A MRLA survey of more than 200 Michigan restaurants released in mid-June found a staggering 59% reported having fewer customers than a year ago, while 40% are not profitable, 55% do not have adequate staffing, and only 25% experienced sales growth over the last year.

That data illustrates that “restaurants are a little too expensive for some people and they’re going less often,” Winsow told WXMI.

Other data from the survey showed nearly 60% of restaurants are reducing hours, 89% have faced commodity inflation of more than 5% over the last year, 75% of profitable restaurants are less profitable than last year, and 70% of owners believe the operating environment will get worse over the next 12 months.

The MRLA expects the situation could, however, turn into a death spiral if efforts to increase the state’s minimum wage are successful.

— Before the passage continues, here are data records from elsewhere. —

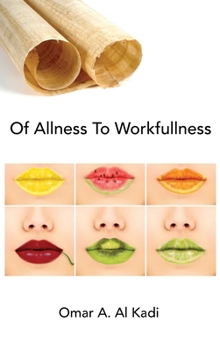 Hardcover Of Allness To Workfullness Book
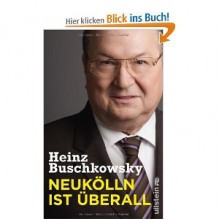 Neukölln ist überall - Heinz Buschkowsky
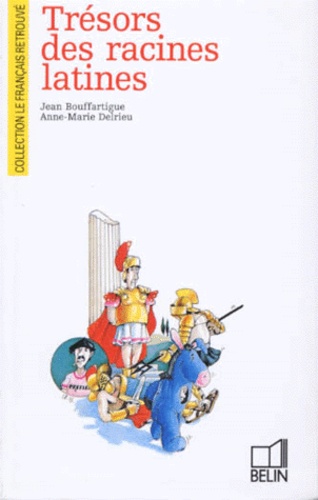 Trésors Des Racines Latines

“Michigan’s hospitality industry … awaits the result of a Michigan Supreme Court ruling that could increase the state’s minimum wage to about $14 per hour and eliminate the tip credit” for servers and bartenders, according to the MRLA survey.

Two-thirds of restaurants surveyed plan to lay off employees, mostly tipped workers, if plaintiffs prevail in increasing the minimum wage of tipped workers, resulting in an estimated 40,000 to 60,000 jobs lost.

One in five full-service restaurants will simply close for good, while 94% would raise prices by an average of 25% if the Supreme Court eliminates the tip credit that allows employers to pay a lower wage for tipped employees, according to the survey.

“If an adverse ruling from the Michigan Supreme Court later this summer requires the elimination of the tip credit, and industry on the edge will plunge headfirst into the abyss,” Winslow said. “The Michigan legislature is in a position to implement a reasonable solution to prevent such a catastrophe, but we all need Democrats and Republicans to quickly work together in common cause.

“The alternative is a pandemic-level of restaurant closure and job loss, which will decimate Michigan’s second largest employer, wreaking havoc on Michigan’s overall economy,” he said.

John Sellek, publicist for the advocacy group Save MI Tips, told the Midland Daily News a survey from the MRLA found 83% of bartenders and servers want to maintain the current system, which allows them to earn much more than minimum wage with tips factored in.

“They feel their customers know the system is special,” Sellek said. “They’re holding the servers or bartenders to a higher standard of service, and when they deliver that kind of service, then they’re getting rewarded for it.”